De regreso a casa algo de la tristeza conservaba en el cuerpo, mucha menos, al final dejé la mayor parte junto al sombrero, lo eché por la borda de una pequeña embarcación al mar, justo cuando logré sonreír por la manera en que caminaba un pingüino. Ya no lloraba, pero se prolongaban mis silencios, miraba y sonreía pero me costaba hablar, prefería no hacerlo.

Mi madre me hizo entonces un regalo que yo encontré excéntrico: un florerito de vidrio que se angostaba por el cuello y volvía a ensancharse; había un bulbo reseco sobre él, blanco y redondo, parecía muerto o a punto de estarlo. "Es un jacinto", me dijo al tiempo que ponía agua en el florero y me explicaba que debía mantener el agua sin que tocara el bulbo. "¿Y yo qué hago con esto"?, pregunté extrañada. "Nada, obsérvalo", contestó sin entrar en más detalles.

A los pocos días noté que al bulbo le salían raíces, poco a poco se alargaban para alcanzar el agua que estaba a pocos centímetros de ellos. Comencé a sentir curiosidad y ganas de que no muriera: todos los días acudía a mirar el jacinto y siempre me regalaba algo nuevo; las raíces ya se hundían en el agua y en la parte de arriba crecía una protuberancia verde, un poco pálida. 

Seguí observando, no tardó mucho en hacerse notar planta incipiente, y luego hojas, y más tarde una montoncito de flores diminutas en capullo. Ya no era "el jacinto", era "mi jacinto": no había día que no pensara sonriendo en la posibilidad de atestiguar cómo se abrían las flores. ¡Eran azules! ¡Olían tan rico! ¡Estaba vivo!

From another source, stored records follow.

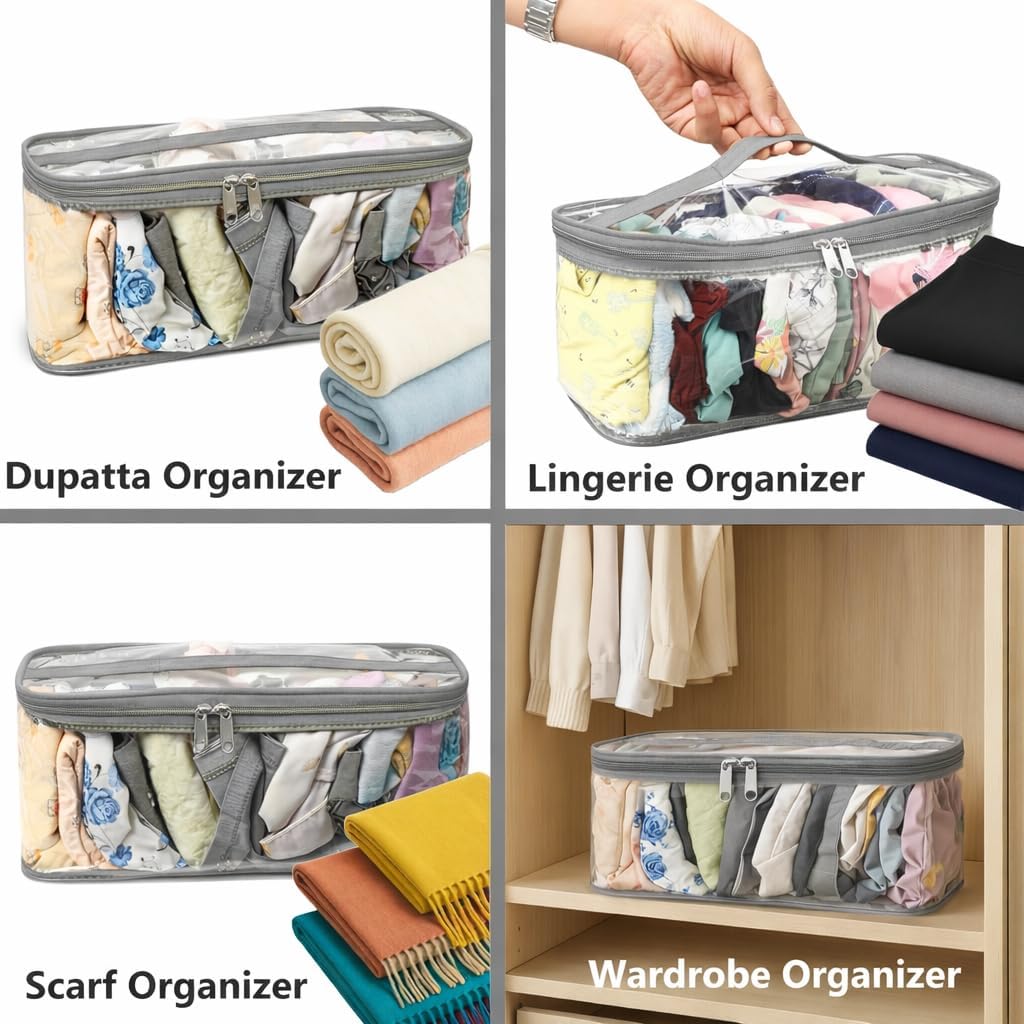 2 piece pvc Undergarment innerwear Organizer Bag for women Legging, Dupatta, Storage Pouch, Box for Travel Storage Bag for Wardrobe, Drawer, Clothes, Bra, Socks Organiser.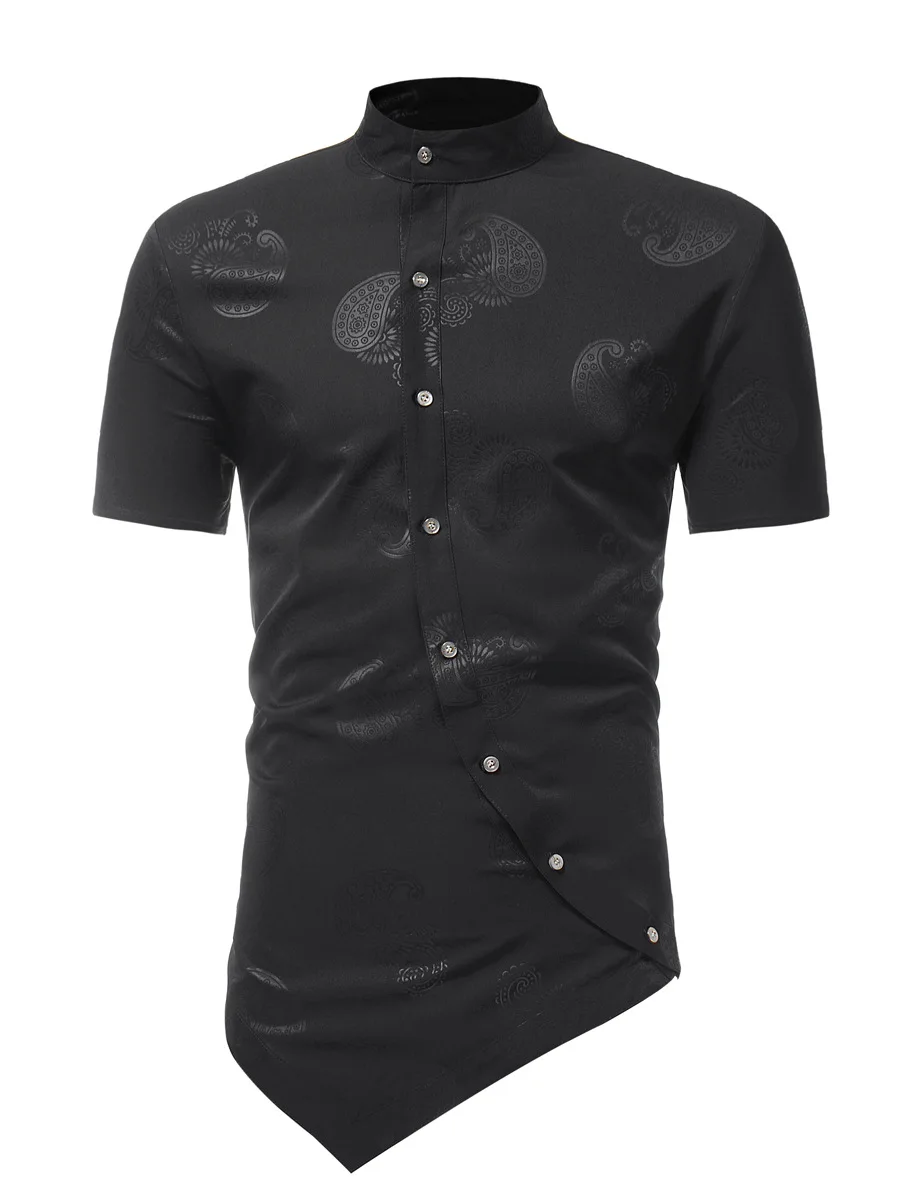 Мужская приталенная рубашка с коротким рукавом повседневная классическая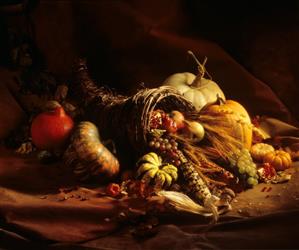 A Wicker Cornucopia filled with Fall Vegetables and Fruit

Cuando salía a la calle seguía caminando ensimismada y en silencio, miraba al piso. Un día, al pie de un árbol noté que había flores tiradas, miré hacia arriba. ¡Había florecido la jacaranda que desde niña he visto! No cabían de violeta alegría sus ramas.

Dentro de mi casa el jacinto y yo salvábamos la vida, eso ya lo sabía; con la jacaranda supe que la vida estaba aunque yo no la salvara. Solté el pedacito triste que aún me habitaba. Me encontré en los milagros. Mientras haya flores no hay tristeza que la vida valga.